Task types and creation
The tasks are organized in a hierarchy, with the generic Task()
at the top. The following tasks can be instantiated and all inherit from the virtual superclass Task()
:
-
RegrTask()
for regression problems, -
ClassifTask()
for binary and multi-class classification problems with class-dependent costs can be handled as well), -
SurvTask()
for survival analysis, -
ClusterTask()
for cluster analysis, -
MultilabelTask()
for multilabel classification problems, -
CostSensTask()
for general cost sensitive classification (with example-specific costs).

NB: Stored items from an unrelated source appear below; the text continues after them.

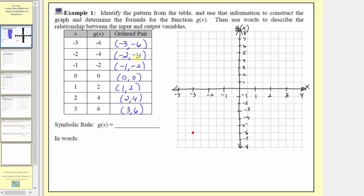The ordered pair negative two comma negative four: input is negative two, output is negative four. Next, negative one comma negative two: input is negative one, output is negative two. Then zero comma zero, which is the origin. One comma two: input is one, output is two. Two comma four: input is two, output is four. And the last ordered pair is three comma six, where the input is three and the output is six.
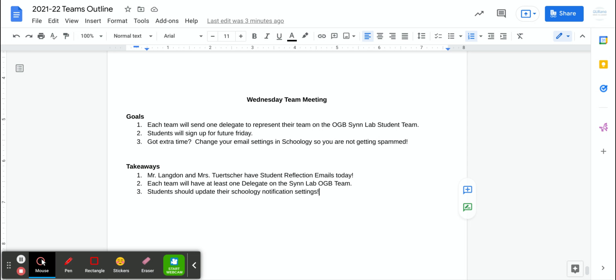We are going to take attendance at these things. It's important we know where you're at, so it's time to get that going right now. And then if you still have time, we want to help you change your email settings in Schoology so you're not getting super spammed.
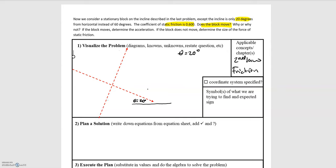This problem is worded a little differently than ones we've dealt with in the past. We're given this open-ended option of determining what's going on. Let's first start by drawing our coordinate system like we always do. I'm going to choose a tilted coordinate system so that the x-axis lies along the incline, with the direction normal to the incline being the positive y direction, and the incline going to the right being the positive x direction.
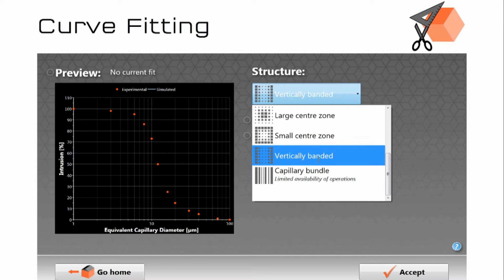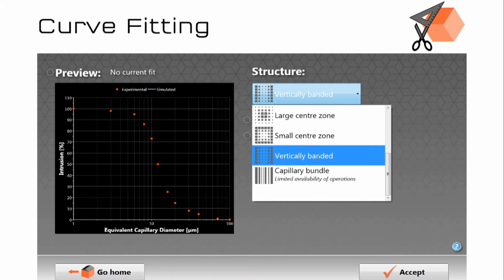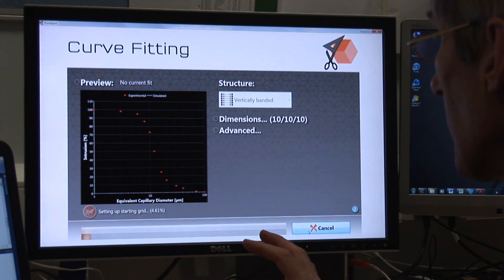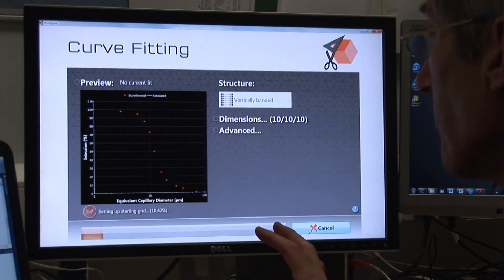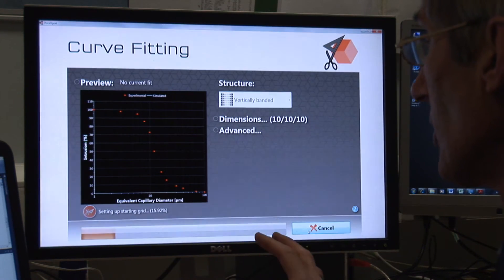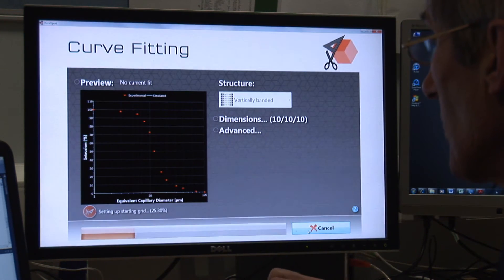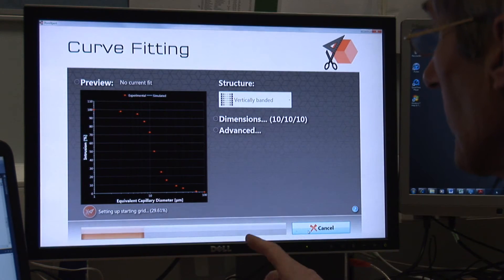Natural samples vertically banded is quite often a useful structure to use. So we then say that we would like to accept that and get the simulation to converge onto the experimental data.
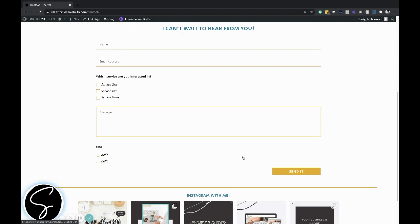Now, like I said, I'm going to be showing you how to add reCAPTCHA, which is a Google CAPTCHA system to your Divi Contact Form.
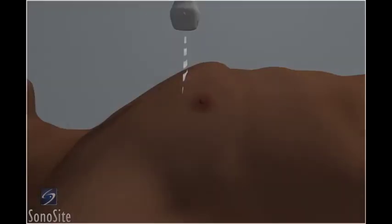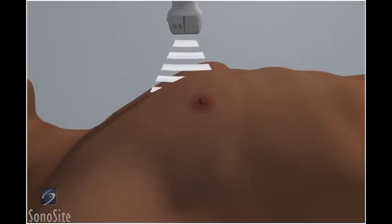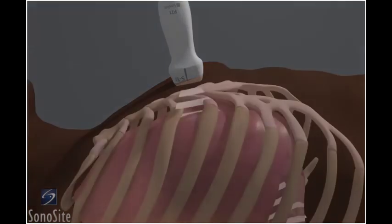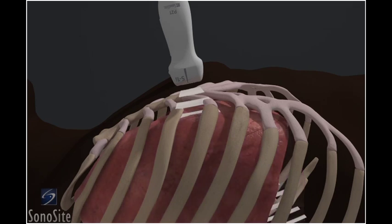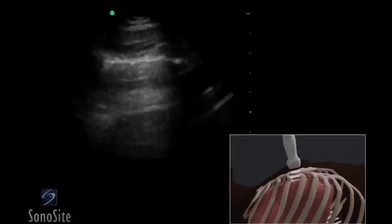The transducer is placed in a long axis orientation over the anterior chest wall at the third or fourth intercostal space in the anterior axillary line. The orientation marker is directed to the patient's head. A shallow scanning depth is used.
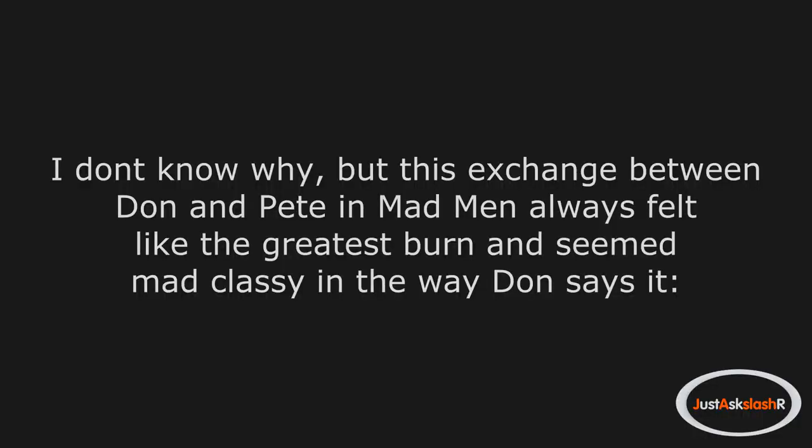I don't know why, but this exchange between Don and Pete in Mad Men always felt like the greatest burn, and seemed mad classy in the way Don says it.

To create a task, just call make<TaskType>
, e.g., makeClassifTask()
. All tasks require an identifier (argument id
) and a base::data.frame()
(argument data
). If no ID is provided it is automatically generated using the variable name of the data. The ID will be later used to name results, for example of benchmark experiments, and to annotate plots. Depending on the nature of the learning problem, additional arguments may be required and are discussed in the following sections.
Regression
For supervised learning like regression (as well as classification and survival analysis) we, in addition to data
, have to specify the name of the target
variable.
data(BostonHousing, package = "mlbench")
regr.task = makeRegrTask(id = "bh", data = BostonHousing, target = "medv")
regr.task
## Supervised task: bh
## Type: regr
## Target: medv
## Observations: 506
## Features:
## numerics factors ordered functionals
## 12 1 0 0
## Missings: FALSE
## Has weights: FALSE
## Has blocking: FALSE
## Has coordinates: FALSE
As you can see, the Task()
records the type of the learning problem and basic information about the data set, e.g., the types of the features (base::numeric()
vectors, base::factors()
or ordered factors), the number of observations, or whether missing values are present.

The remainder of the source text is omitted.